One last item to mention is how to redeploy the controllers in a disaster. Depending on what tool you use to deploy the operating systems on your nodes (e.g., LCMs), you should always make sure to have a backup of the base image used to deploy the controllers (the image usually includes packages and libraries needed for the basic functionality of the controllers). Taking periodic snapshots of the controllers and transferring them to safe locations would be a great way of recovering from a disaster without losing too much info or spending too much time restoring a backup.
Compute node redundancy
Depending on the capacity of the over-cloud compute nodes and the criticality of the instances running on them, there should always be room for at least one compute node failure so that all instances of the failed node can be evacuated to the spare node. If multiple compute node groups have different capabilities, such as CPU architectures, single root I/O virtualization (SR-IOV), data plane development kit (DPDK), etc., this design must be more granular to focus on finer details of individual components.

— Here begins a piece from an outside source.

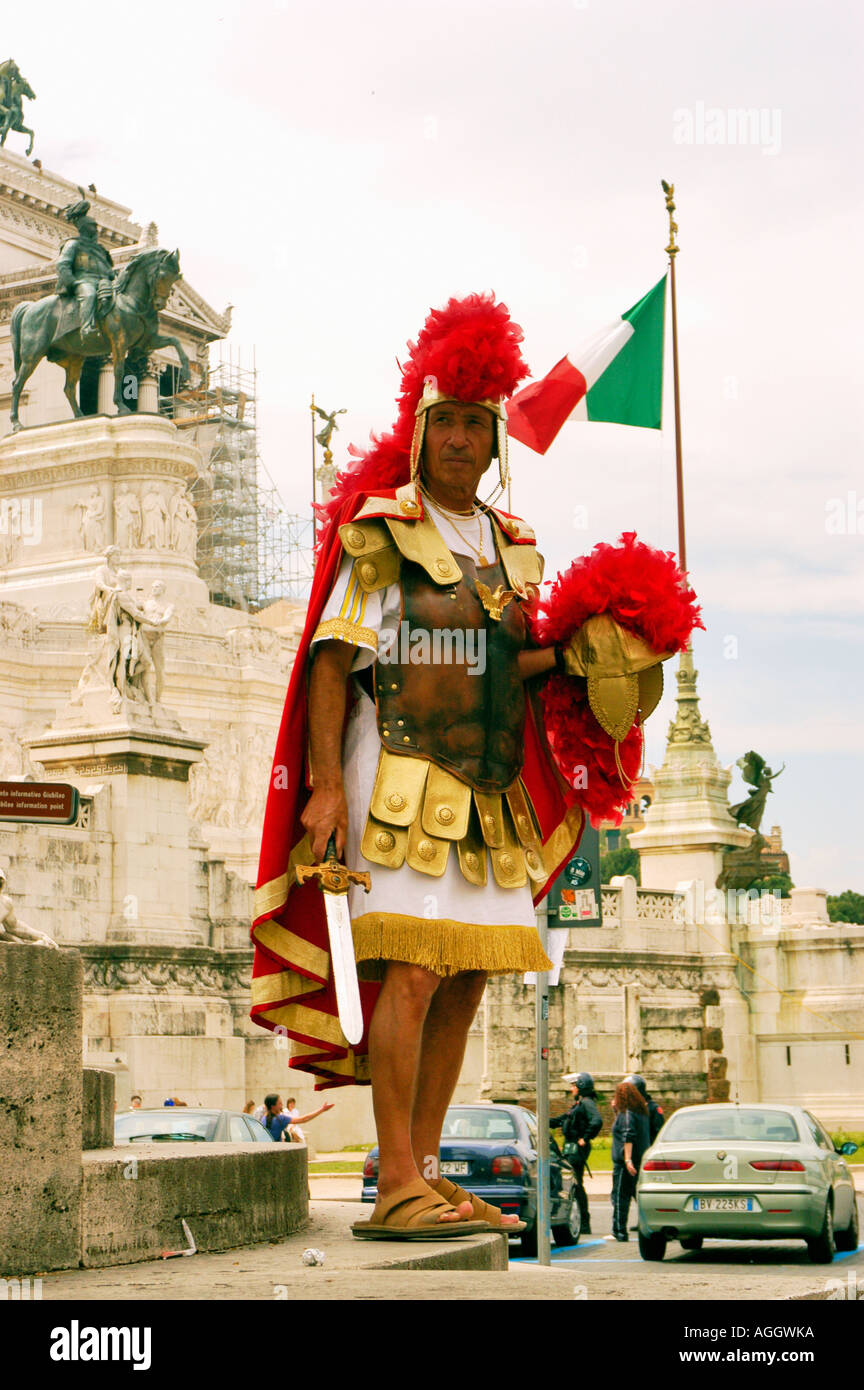 Soldato Romano che pongono, Roma, Italia Foto Stock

The best practice is to subdivide your nodes into multiple host-aggregates and then assign one or more spare compute nodes with the same capabilities and resources into those aggregates. Needless to say, these compute nodes must be empty of load to host the instances of the failed compute node. In addition, Availability Zones (AZs) can be mapped to these host aggregates, allowing users to select where their instances are deployed based on their requirements. If a compute node fails within an AZ, the instances can be seamlessly evacuated to the spare node(s) within the same AZ, minimizing disruption and maintaining service continuity.

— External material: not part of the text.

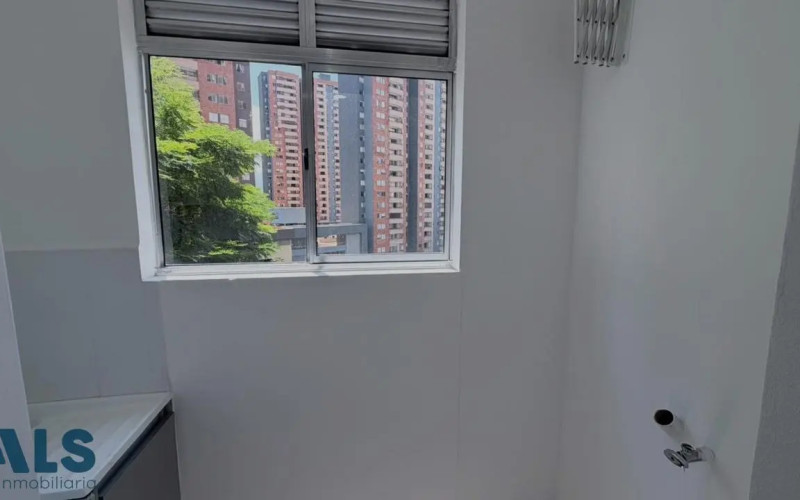Apartamento en Medellín en Los Colores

The fencing mechanism and instance high-availability (HA) policy options are optional features that can be used to mitigate the impact of compute node failures, specifically for mission-critical deployed services that cannot tolerate any downtime due to such failures.. By defining specific HA policies for the instances, you can determine what happens to them if the underlying host goes down. Usually, the downtime of an instance cannot be tolerated. In that case, the applicable HA policy is ha-offline, which technically evacuates the instance into another compute node (the spare node). It is important to note that the fencing agent must be enabled in Nova for this scenario to work. More information on high availability for compute instances can be found here.
Another important consideration is handling OpenStack instances with local disks. Based on the probable incidents for compute nodes, there are usually two types of failures that can affect VMs that are not using Cinder or separate block storage:
- Disk failure on a compute node: In this case, a good practice is to have raid arrays that can tolerate the failure of a single disk.
- Compute node failure: To mitigate this, it’s recommended that you have a backup of the disk image (usually a qcow2 file) for instances with sensitive data.
Please also remember that for disaster recovery purposes, using Ceph (via RBD) which bypasses Cinder, or Cinder disks for VMs hosting critical services is much safer and more efficient. Both approaches ensure that even if the local storage of a compute node fails, the instance’s data remains intact and can be easily attached to another compute node, minimizing downtime and potential data loss. However, using Ceph directly via RBD offers the added benefit of bypassing the Cinder layer for potentially improved performance. Ceph’s distributed nature and self-healing capabilities, in particular, offer additional resilience against hardware failures. Additionally, because the instance’s metadata is stored separately, it can be used to launch the failed instance on another compute node, ensuring a seamless recovery process.
Learn about the features that power Trilio’s intelligent backup and restore
Network redundancy
OpenStack networking requires different deployment strategies depending on how busy the cloud is and which services are used the most. For big production sites, the best practice is to have separate redundant NICs dedicated to a specific job: control plane traffic, data plane traffic, storage traffic, and Integrated Lights-Out (iLO).
These NICs usually consist of two interfaces working in an active-standby manner inside a Linux bond or aggregate, with each connected to a separate leaf/access switch for more redundancy. However, when it comes to SR-IOV-capable NICs, which are used for data-plane traffic, a recommended practice is having two VFs attached to a single instance—one for each port of the NIC—for guaranteed interface redundancy in case one goes down.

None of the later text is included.